Today marks the centenary of some women getting the right to vote in the UK. It’s a moment to pause and reflect on the incredible achievement of the Suffragettes and what the vote has meant for women in this country. But more than that, it’s a moment to listen to the voices of women who are still struggling for representation.
Most of the asylum-seeking and refugee women with whom we work do not have the right to vote. Nor do they have access to the basic rights, to safety, dignity and liberty that all women should be able to expect.
But these women are ready to speak out, and it is time that their voices are heard by those who make the laws and policies that impact so greatly upon their lives.
As one woman who sought safety in the UK put it at a recent discussion we held after a screening of the film Suffragette, “2018 is the centenary of this great achievement by women in the UK. But our voices are still not heard, despite the challenges and injustices we face every single day.”
On 8 March, refugee and migrant women from across the country will come together to lobby their local MPs and share their stories. Refugee women are routinely locked up in detention, made destitute and put in positions where they are made unsafe.
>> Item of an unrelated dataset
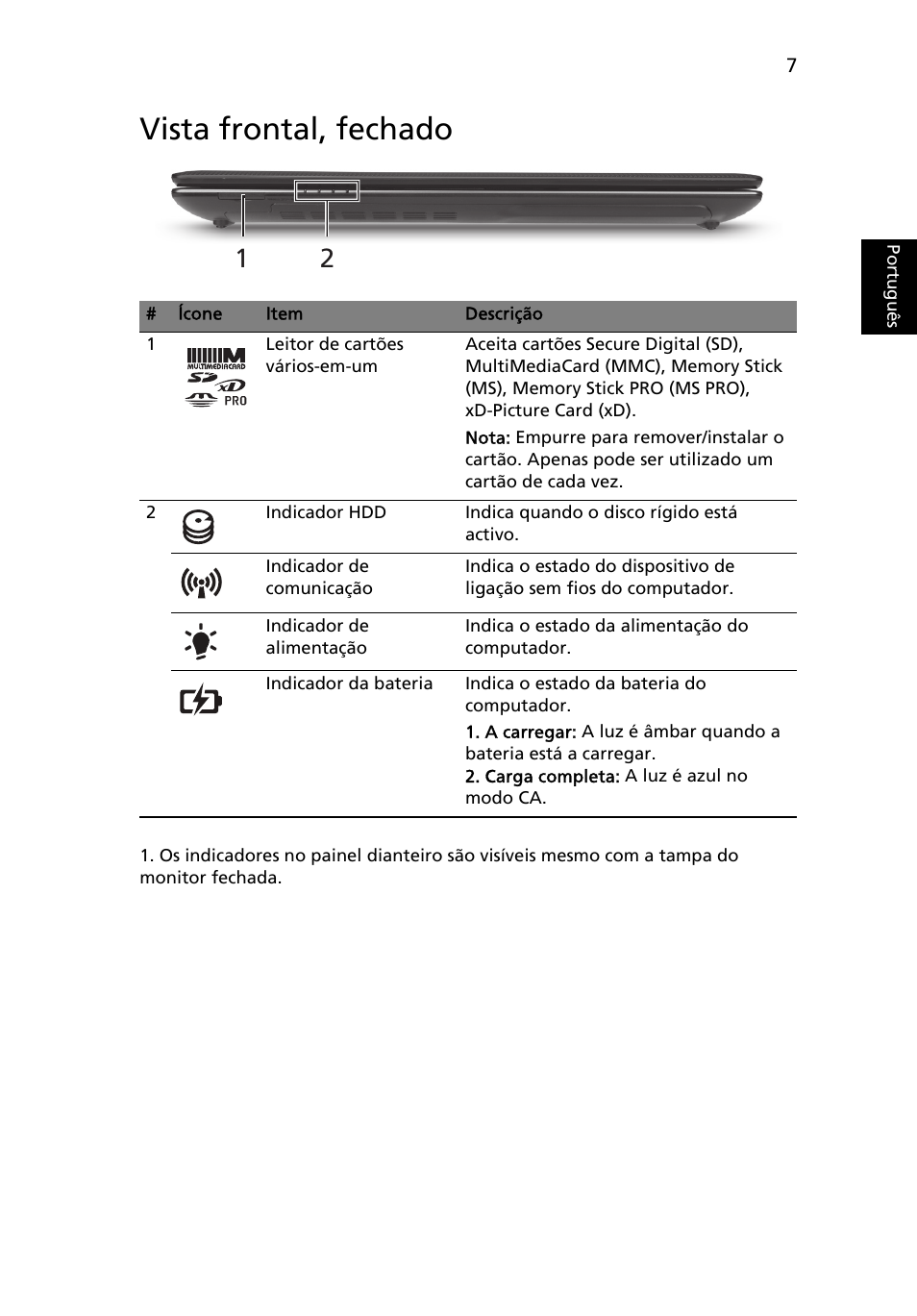 Vista frontal, fechado | Acer Aspire 4743ZG User Manual | Page 63 / 320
As constituents, the refugee women in our network are inviting their MPs to meet with them at the #AllWomenCount lobby of Parliament. On Monday they got together at their regular English lessons to write letters to their MPs, and in these letters they explain their situations:
“My experience of seeking asylum in this country is traumatic, terrible and unsupportive. I came to this country in 2014 to seek safety. But I was put in detention twice… I am a vulnerable woman but the Home Office disbelieves me and asks me to leave this country and go back to D.R. Congo where I was sexually abused. My life is a nightmare. Since 2015 I am homeless.”
“I came to this country in September 2015… I am waiting until now for a first Home Office decision. I suffered rape and torture in D.R. Congo… I left my family, my children, my job and everything. I come for safety but unfortunately I have to struggle every day of my life.”
“My concern as an asylum seeker is that I am not able to afford legal representation and Home Office fees. My experience of seeking asylum is stressful and has caused me emotional ill health.”
“My concerns as a refugee are me still being homeless. I have experienced domestic violence, I cannot work and I have nowhere to live. I am struggling with my mental health.”
“Until now I have been dying to get in touch with you. My family has been suffering for a long time, we have been separated which causes so much pain and depression. Please use your good office to listen to my voice and support the rights and safety of my family.”
These women’s letters are now on the way to their MPs. If you agree that it is time that all women have basic rights to safety, dignity and liberty, please invite your own MP to meet you at the lobby and hear refugee women’s priorities.